■ PROBLEM TO WORK ON ■
Repeat the records below exactly. Omit the pictures.

■ SOURCE MATERIAL ■
========================

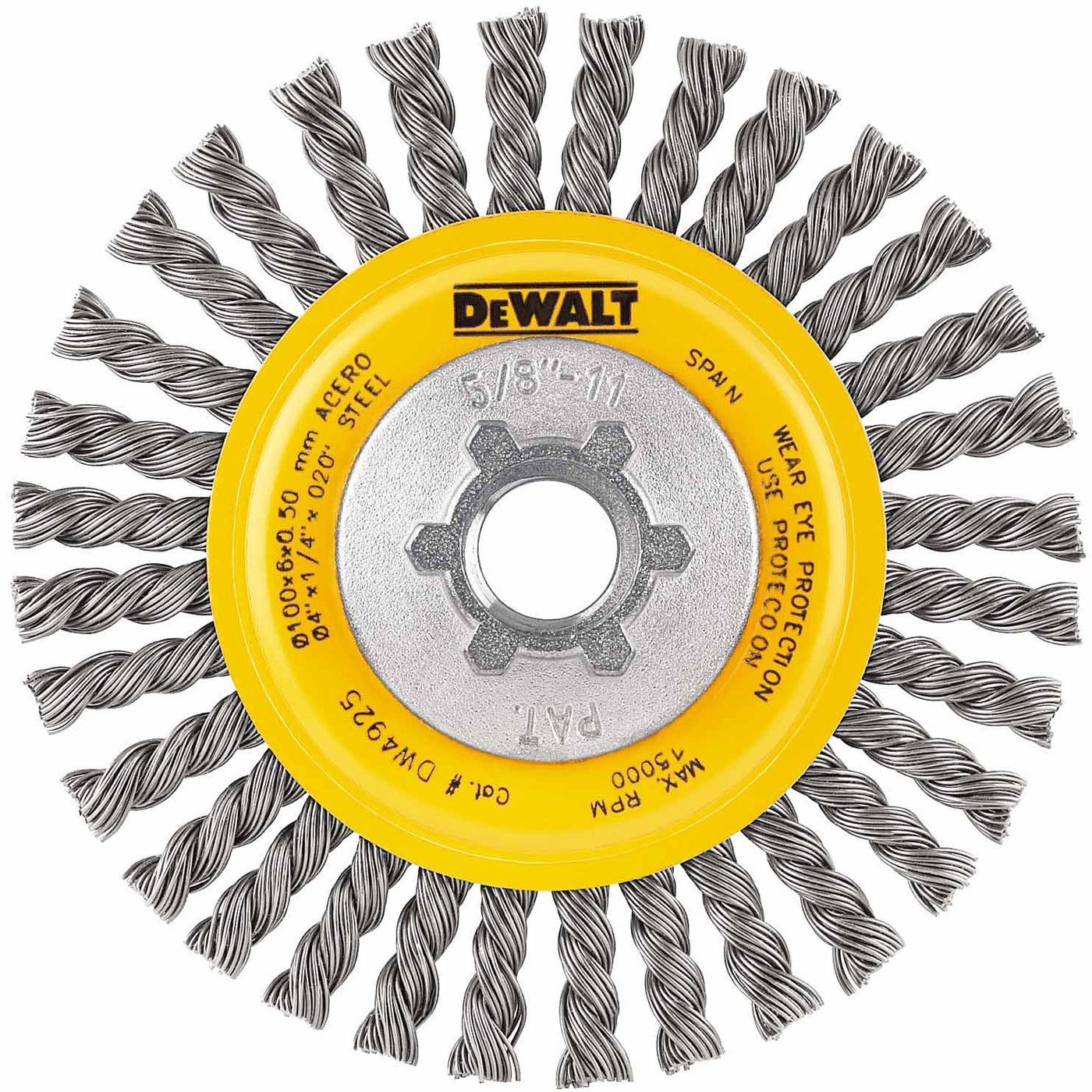 DeWalt DW4925B 4" x 5/8"-11 HP .020 Carbon Stringer Wire Wheel Bulk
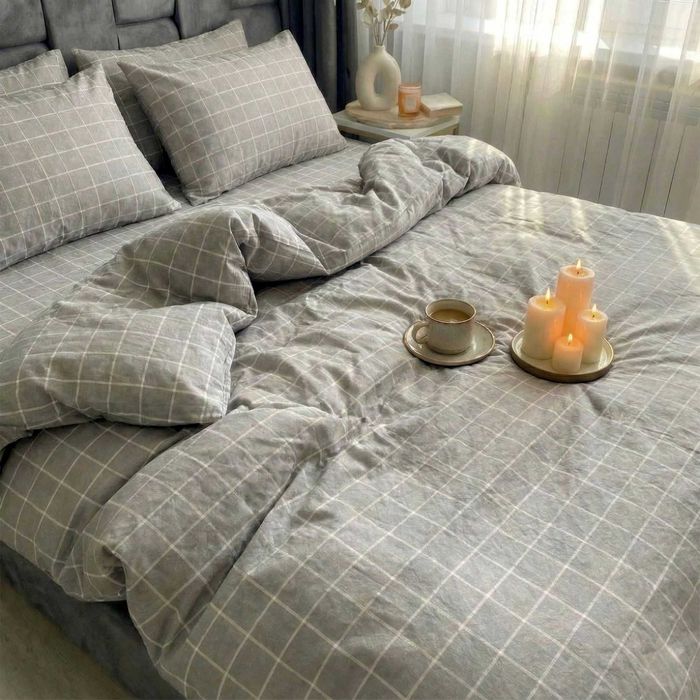 Постільна білизна Варена Бавовна. Сіра клітинка. Власне пошиття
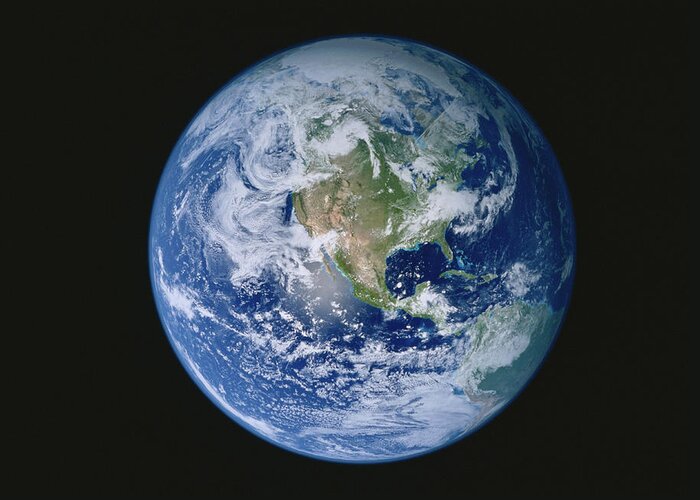 Globe Greeting Card featuring the photograph Earth With North America Prominent by Stocktrek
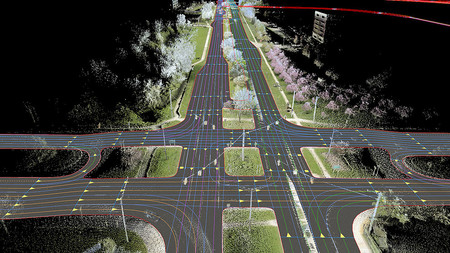 Los mapas generados con un Lidar no sólo tienen información de la carretera sino de su entorno más inmediato.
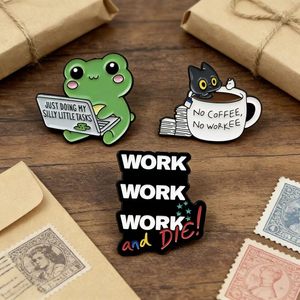 Lot de 3 épingles en émail sur le thème des mèmes de travail amusants, broches de revers humoristiques pour le bureau, badges mignons grenouille et chat pour sacs à dos, chapeaux, vestes - Product Image 1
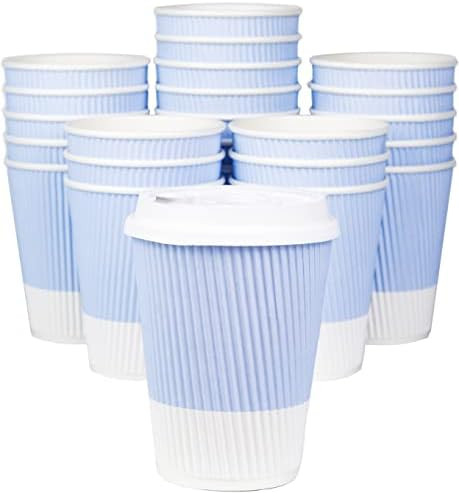 Glowcoast Disposable Coffee Cups With Lids - (80 set) 12 oz Paper To Go Coffee Cups With Resealab... | Amazon (US)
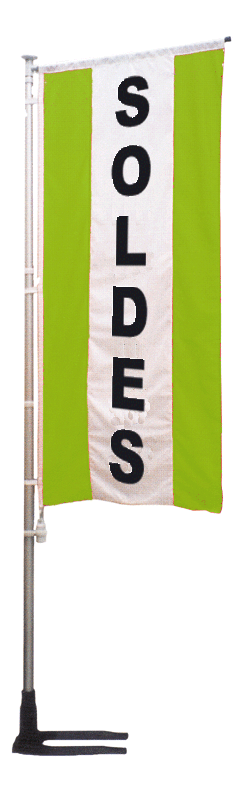 Bannière soldes verte à bandes latérales - Autosignal&eacute;tique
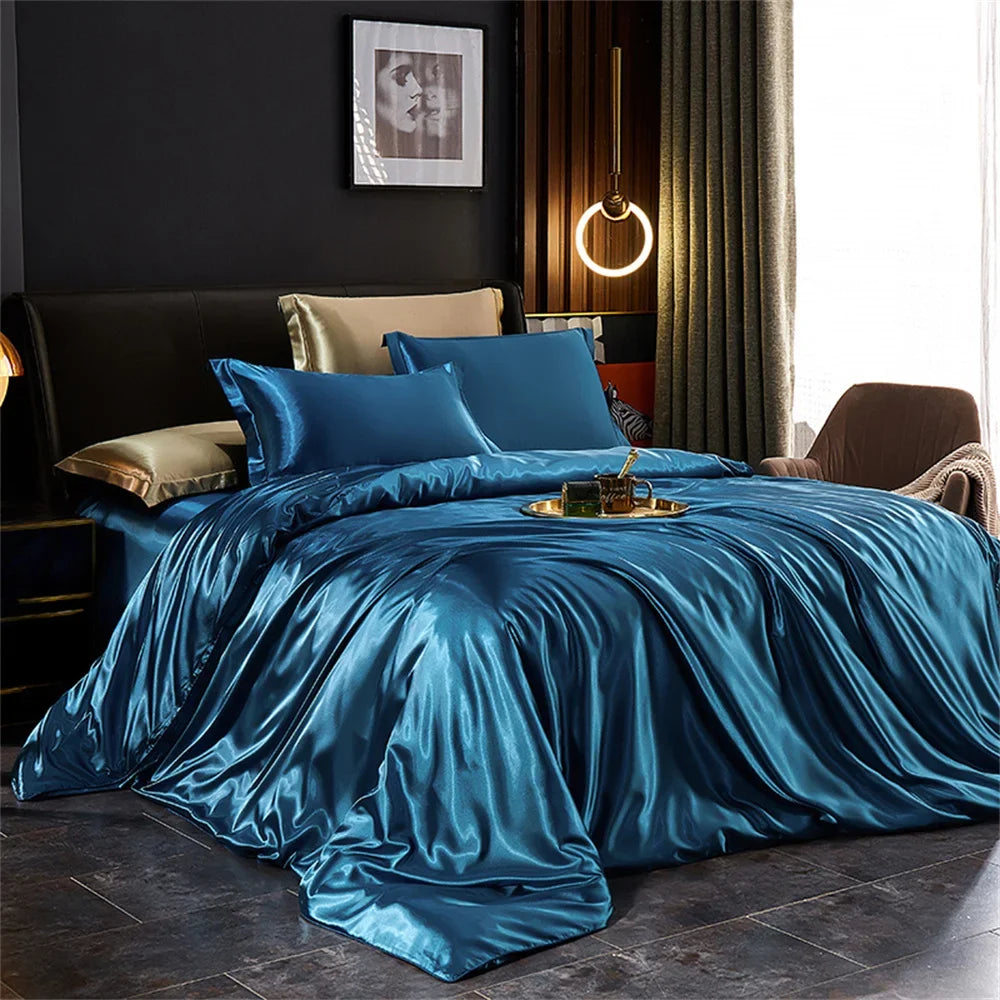 Solid Silk Bedding Set with Duvet Cover Bed Sheet Pillowcases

========================

■ RESULT FOR THIS TASK ■
 DeWalt DW4925B 4" x 5/8"-11 HP .020 Carbon Stringer Wire Wheel Bulk
 Постільна білизна Варена Бавовна. Сіра клітинка. Власне пошиття
 Globe Greeting Card featuring the photograph Earth With North America Prominent by Stocktrek
 Los mapas generados con un Lidar no sólo tienen información de la carretera sino de su entorno más inmediato.
 Lot de 3 épingles en émail sur le thème des mèmes de travail amusants, broches de revers humoristiques pour le bureau, badges mignons grenouille et chat pour sacs à dos, chapeaux, vestes - Product Image 1
 Glowcoast Disposable Coffee Cups With Lids - (80 set) 12 oz Paper To Go Coffee Cups With Resealab... | Amazon (US)
 Bannière soldes verte à bandes latérales - Autosignal&eacute;tique
 Solid Silk Bedding Set with Duvet Cover Bed Sheet Pillowcases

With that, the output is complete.